There is an assault today on the art and practice of preaching in many churches. I have felt called to preach for a few years now and in my time in Seminary developed a love for not only the delivery of sermons but a deep appreciation for receiving the Word. I was blessed to be able to hear great men of God who were set apart in such a unique way by God for the proclamation of His Word.

In my time since graduating Seminary, I have had the chance to preach several times and have come to a deep love of the preparation and study necessary to stand boldly in a pulpit and speak on behalf of God to God's people God's eternal message. I have also seen a diminished view of preaching in many churches, where the emphasis has gone from the Word read and the Word proclaimed to worship being grounded in experience. This I believe is an outgrowth of the postmodern movement which seeks to ground truth in experience and that revelation and proclamation are to be placed more in the background.

The importance of Christian preaching is found in the person of God and His self-revelation to His people. God did not reveal Himself to us visually or tangibly, He is not seen or felt (counter this with a postmodern approach to worship being about experience and the visual stimulation of the stained-glass projector screen). Instead, God spoke. He speaks and Creation comes to pass, He speaks and His Law is inaugurated, He speaks and the sinner is redeemed. We speak because He has spoken (thank you Dr Mohler for your book on this subject), and our message is not innovative or new but is grounded in the words that have stood for eternity.

There is nothing new under the sun, and the minister of God should not seek to find an innovative way to proclaim God's Word, because the ordained method in Scripture is the human voice speaking to the people out of a biblical text seeking to proclaim Truths that demand a response. The Holy Spirit does the work of conviction and redemption in the ears and hearts of the hearers, it is not the responsibility of the preacher to egg on or lead or "develop and environment" of response, that is the Spirit's work.

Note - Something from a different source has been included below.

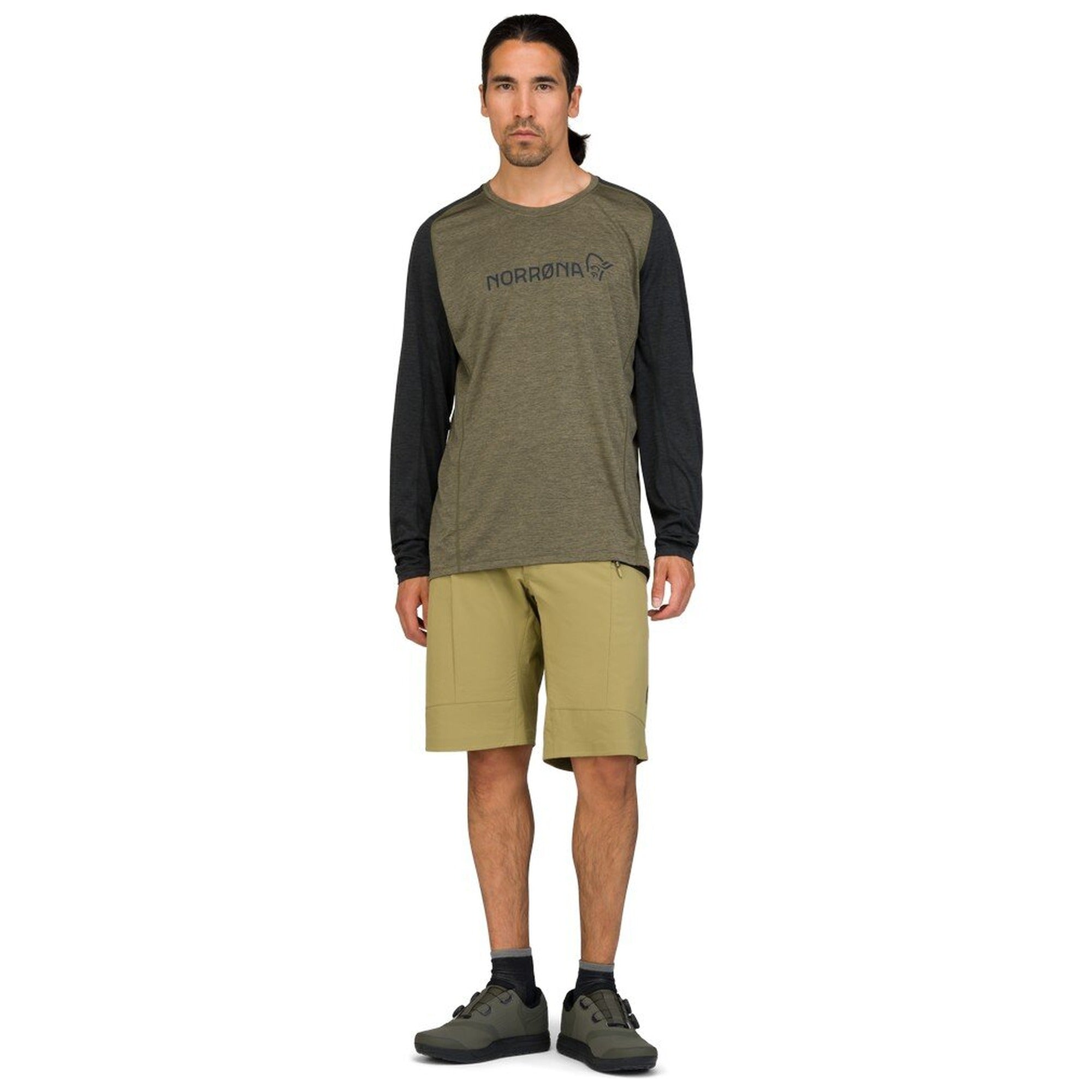 fjörå equaliser lightweight Long sleeve (M)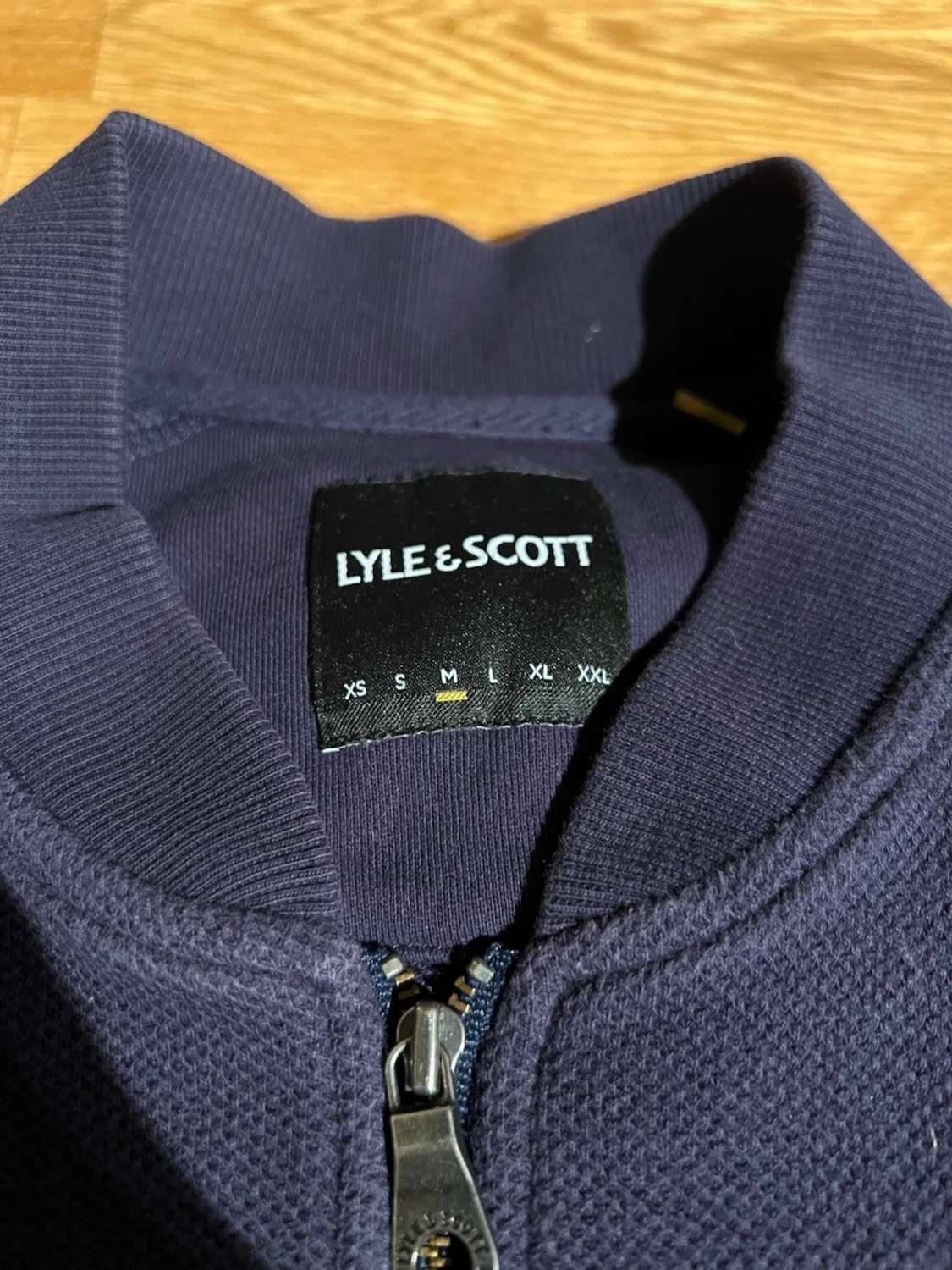 Lyle scott zip - 2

I love preaching, I love hearing good preaching. I listen to good sermons while I work, it helps motivate me to put in more effort to strain for godliness. But I can only listen to sermons that are biblically-driven, exegetically organized, and expositing the biblical text. Those are the sermons that are true to the Jude 3 faith handed through the ages. We as pastors must always seek to lean entirely on the text for organization, application, and meaning. Preaching that does not call for an application and change of living is not Christian preaching, because we are to come away from the hearing of the Word with the question "How then shall we live?" and the sermon must be direct for a call of changed living and ethics and repentance for people to heed, as the message is not from the preacher but from God.

The church must always hold the preaching and proclamation of the Word as the central point and emphasis of any corporate gathering for worship. Anything else is un-Christian, and we must never forsake the preaching of the Word for the sake of "innovation" or "adapting to the times" or "because there's too much of it." The church that moves away from the primacy of preaching moves itself closer to a church that does not reflect the radiant Bride she was intended to be.

Pray for preachers, pray for your pastor that he would be emboldened to speak the Word freely, with passion and conviction, with truth and love, fidelity and devotion to the text, with the purpose of edifying the saints and calling for sinners to repent, Christians to cleave to Christ, and for those who hear him to say "God is at work in this place."